What You Might Not Know About Coffee and Caffeine

It does a whole lot more than just wake you up!

If you’re a caffeine fiend, you might know that first sip of coffee or tea in the morning feels so darn good. And for 88% of us is great for us as well (see #4 below). But there’s a lot about your favorite sunrise pick-me-up you might not know. Read on for a bouquet of surprises.

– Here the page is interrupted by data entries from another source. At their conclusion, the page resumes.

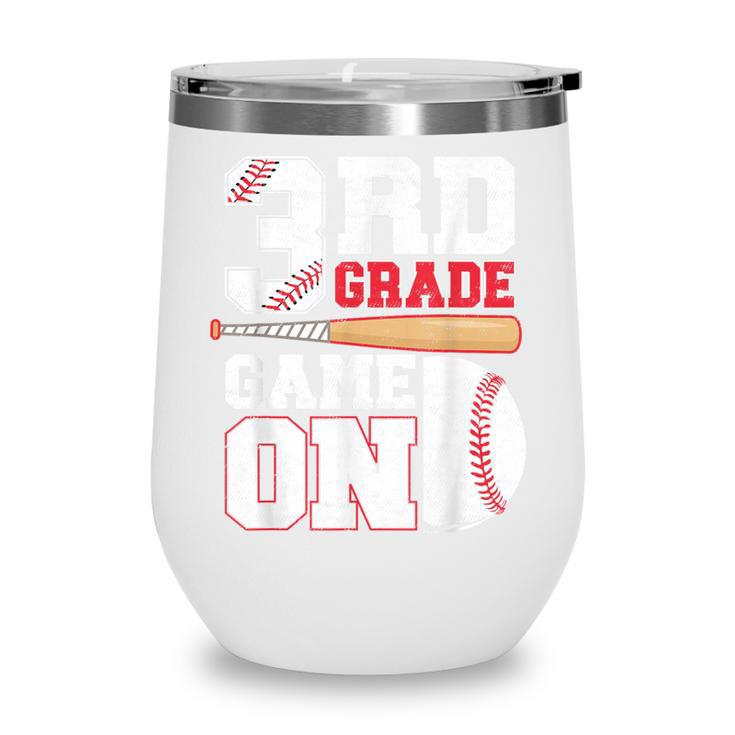 3rd Grade Game On Back To School Baseball Boy Third Grade Wine Tumbler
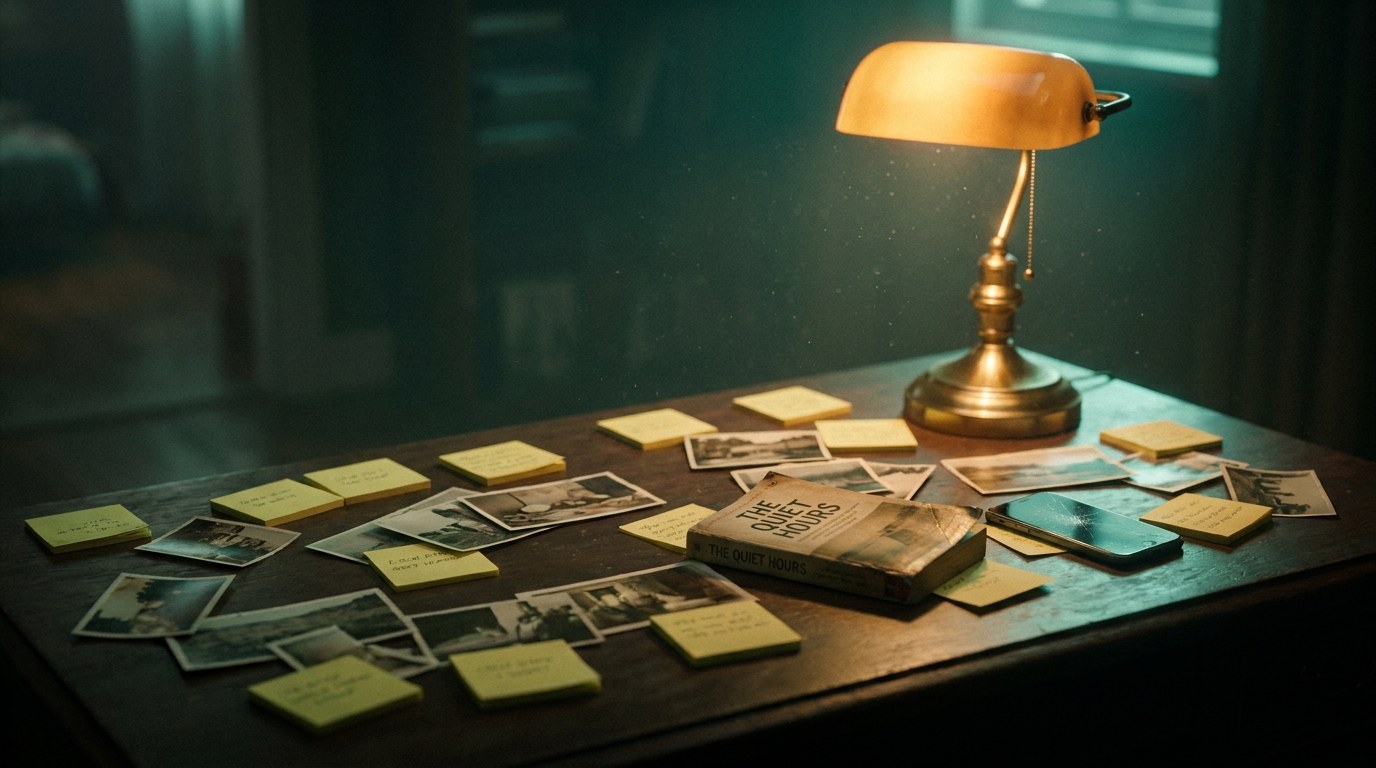 Verstreute Notizzettel, Fotos und ein Buch auf einem dunklen Schreibtisch im warmen Lampenlicht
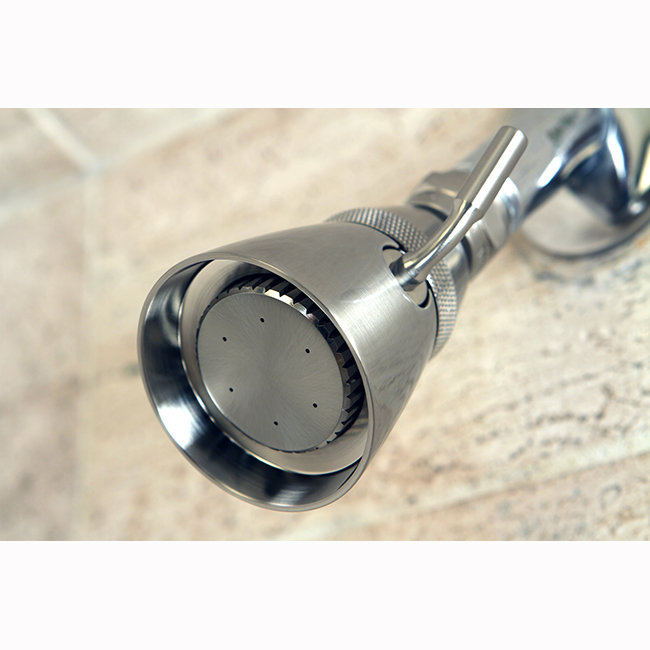 Pomme de douche à jet rond en laiton 2-1 / 4 po Kingston, Nickel brossé
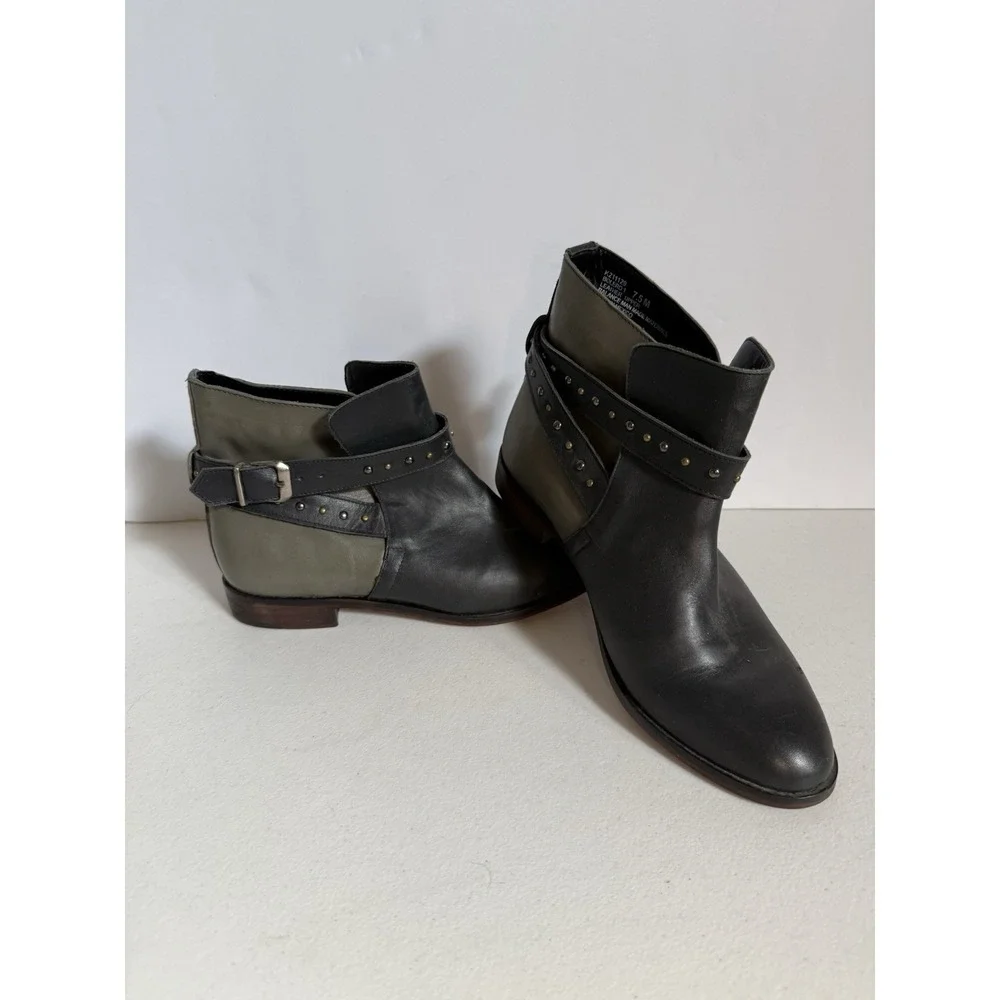 Adam Tucker Studded Leather  Bolero Ankle Boots black and green buckle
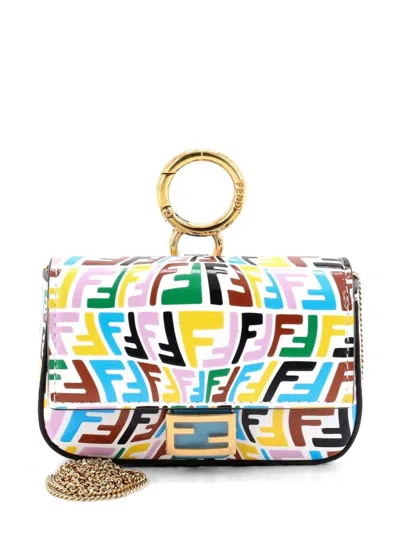Pre-owned Fendi Chain Baguette Charm Bag Vertigo Zucca Leather Nano Crossbody Bag In Multi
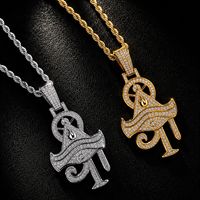 Pendentif Symbole Oeil en Alliage Plaqué Argent, Strass Sertis, Chaîne Corde, Collier Hip Hop Tendance, En Stock, Vente en Gros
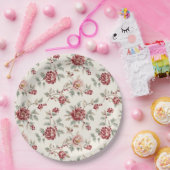 Pretty Chic Red Cream Floral Wedding Papieren Bordje (Feest)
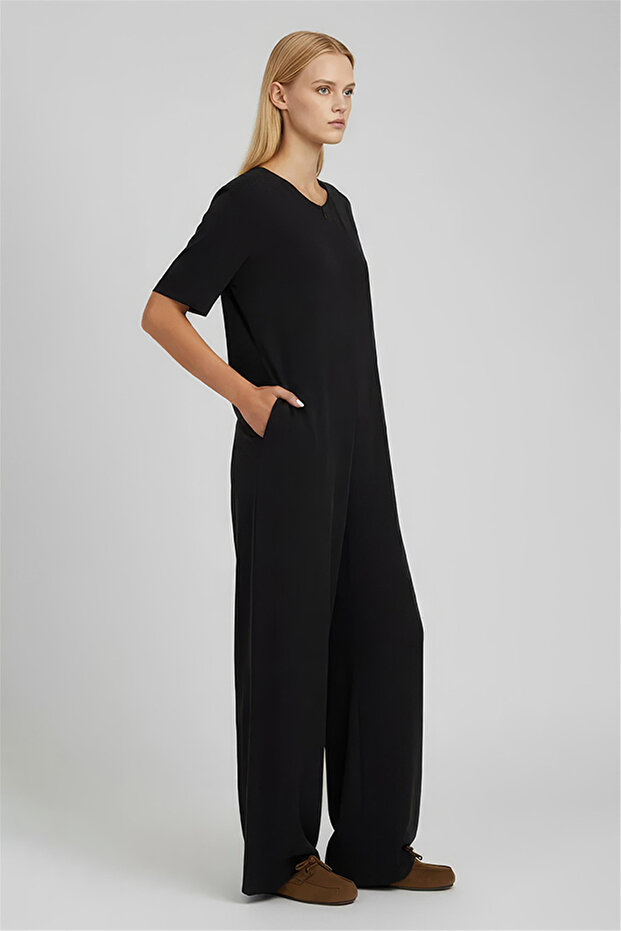 Siyah Geniş Paça Tulum - 2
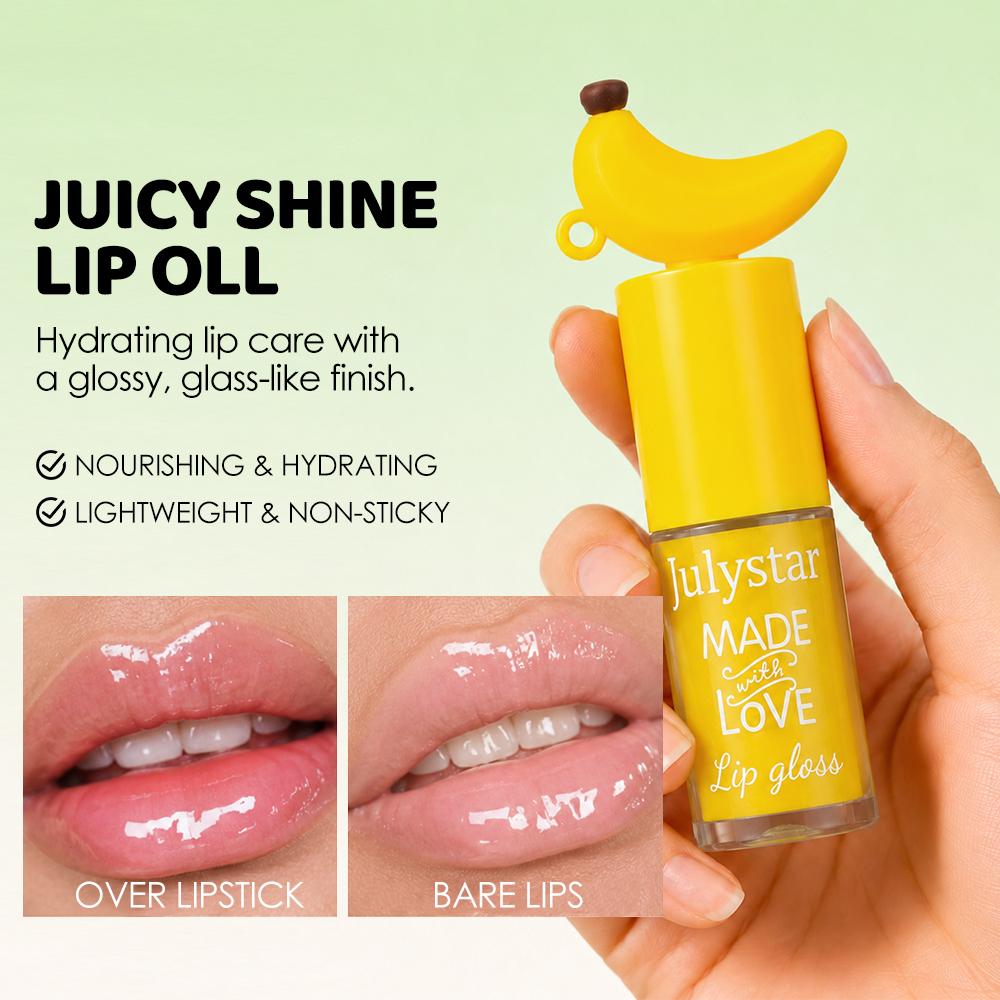 Banana Lip Gloss Oil, High Shine Mirror Glossy Clear Lip Tint, Deeply Hydrating Moisturizing Plumping Lip Glow Balm, Cute Fruit Lip Care Makeup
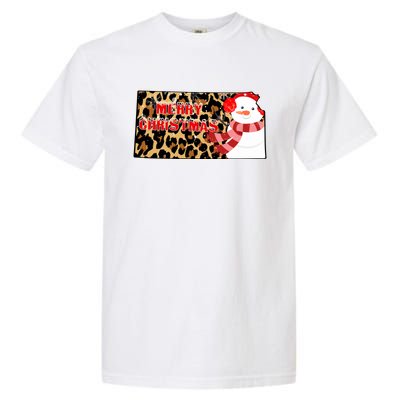 Leopard Kansas Christmas With Snowman Garment-Dyed Heavyweight T-Shirt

  1. Coffee can cause contractions along your large intestines. Drinking coffee doesn’t cause everyone to run for the toilet, but among those who are so moved, the effect is likely related to colon contractions. One 1990 study found that people who reported the urge to go to the bathroom after drinking coffee did indeed have more pressure in their colons and rectums after drinking 200ml of coffee. Interestingly, decaf coffee (which has a little bit of caffeine) produced an effect, too—though hot water did nada. The jury’s still out on exactly how much of this coffee effect is related to caffeine in particular.
  1. Darker roasts of coffee have less caffeine. This might seem counterintuitive, because darker roasts can have such a strong taste, but it’s true: the more roasted your beans, the less caf in the coffee. Each bean loses caffeine as it roasts, so dark-roasted coffee brewed by volume has less caffeine than lighter roasts. (That said, roasting also shrinks beans, so dark coffee brewed by weight could actually have more caffeine.) Darker coffee is also easier on the stomach (not Dr. Mike’s though—he likes more caffeine and lighter roasts.) As coffee roasts, it creates a compound called N-methylpyridinium (NMP), which causes stomach cells to secrete less acid. The longer coffee roasts, the more NMP it creates, and the less acid your stomach cells secrete.
  1. Caffeine has the opposite effect on men under stress as on women. In one study, a group of college students drank either decaf or caffeinated coffee, then performed a series of stressful tasks. Women reported more confidence and outperformed men on collaborative tasks when they’d had caffeine. But for men, the reverse was true: they felt less confident after they’d imbibed, and did worse on stressful tasks. Did they not put whiskey in the men’s coffee and repeat the study? If they did so, they did not report that test in the journal in which this study was published.
  1. For about 88 percent of us in North America, caffeine has a strong health benefit. The more caffeine, the greater the age-reducing benefit. If you are a fast metabolizer of caffeine (a genetic trait that 88% of us have) , you do not have headaches, abnormal heart beats, anxiety, or gastric upset with 12 ounces of a usual strength cup of coffee, you gain more benefits from caffeine (with water or in coffee) the more you drink. If you are in the 12% of slow metabolizers, you get no health benefits from coffee. Caffeine for the 88% of us in North America that are fast metabolizers decreases Alzheimer’s, Parkinson’s and Type2 diabetes risk by more than 20% and the risk of 9 cancers too. So enjoy more of that joe!